Between Hurricane Harvey’s impact on fuel prices and Hurricane Irma now wreaking havoc in Florida and other parts of the Southeast, diesel fuel prices remained high during the week ending Sept. 11, increasing by 4.4 cents, according to the Department of Energy’s weekly report.
The increase brings the price of a gallon of on-highway diesel to $2.802, the highest diesel prices have been since July 2015. The West Coast less California saw the most significant increase during the week, rising 7.6 cents, followed by the Lower Atlantic region, which saw a 5.1-cent increase.
The nation’s most expensive diesel can be found on the West Coast with California’s prices averaging $3.179 per gallon, followed by the West Coast less California at $3.007 per gallon.
The cheapest diesel can be found in the Gulf Coast region at $2.647 per gallon, followed by the Midwest region at $2.753 per gallon.
Prices in other regions, according to the DOE, are:
- New England – $2.761
- Central Atlantic – $2.922
- Lower Atlantic – $2.776
- Rocky Mountain – $2.827
ProMiles’ numbers during the week had diesel prices increasing by 6.3 cents to $2.765 per gallon nationwide.

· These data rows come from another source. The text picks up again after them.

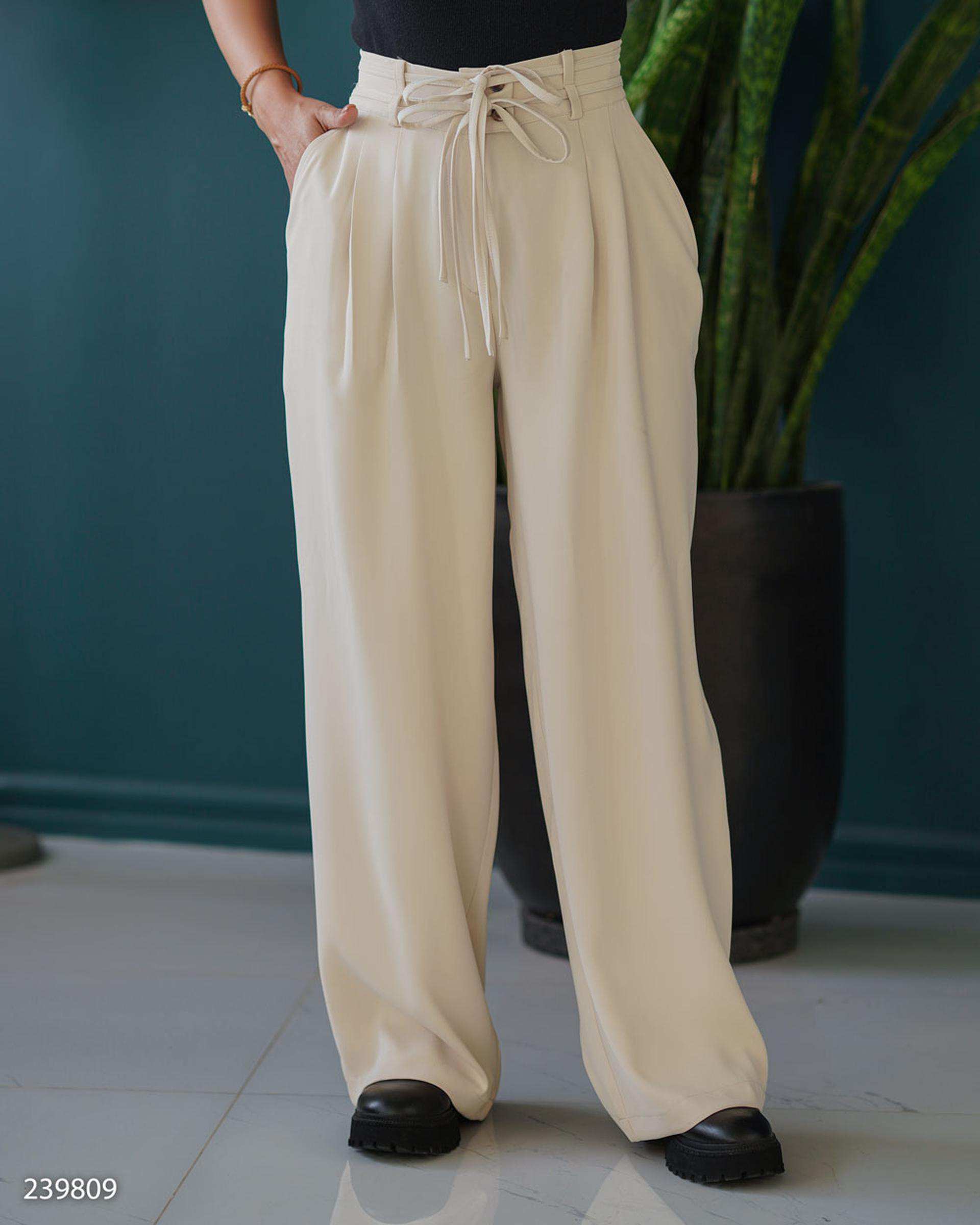 شلوار بگ زنانه کرپ شیری السانا Elsana مدل آرکیا کد 2398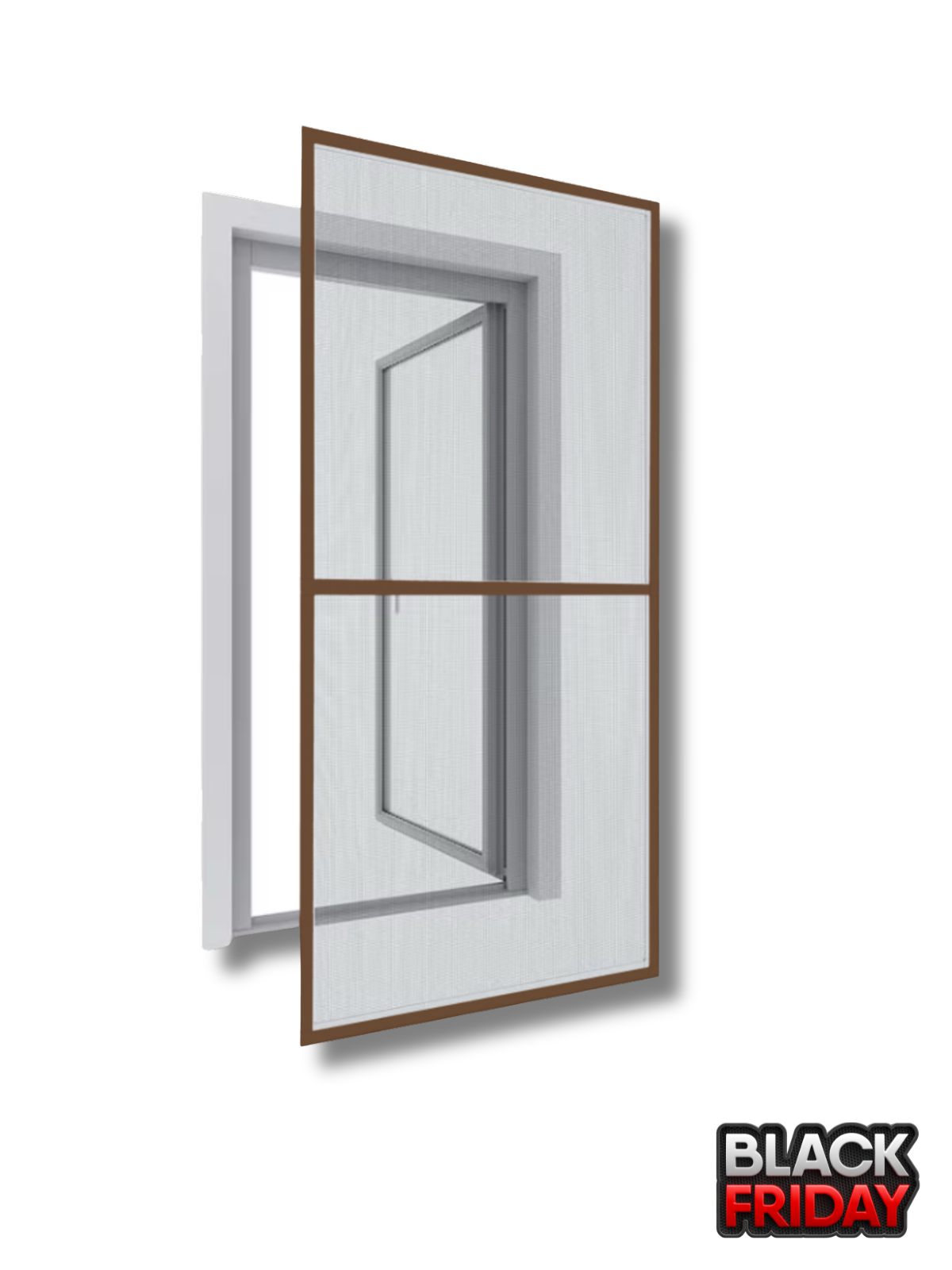 Kit plasa tantari complet pentru usa, pe balamale Maro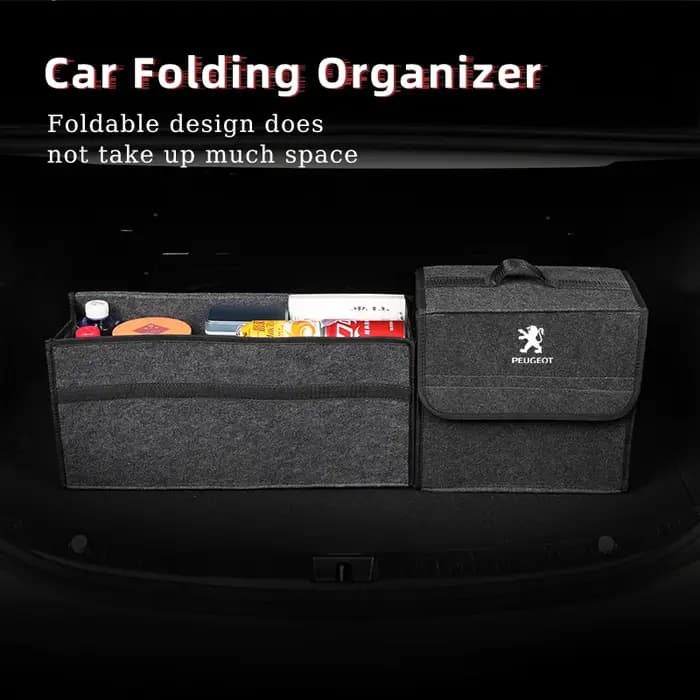 Boîte de rangement pliable pour coffre de voiture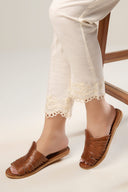 Embroidered Khaddar Trouser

According to ProMiles’ Fuel Surcharge Index, the most expensive diesel can be found in California at $3.142 per gallon, and the cheapest can be found in the Gulf Coast region at $2.642 per gallon.
In light of Hurricane Irma in Florida, ProMiles’ Chris Lee notes only about a third of truck stops reported fuel prices Monday morning, and most of the reporting locations were around $2.90 per gallon or higher. Some stations in the Florida panhandle have remained around $2.75 per gallon, Lee adds.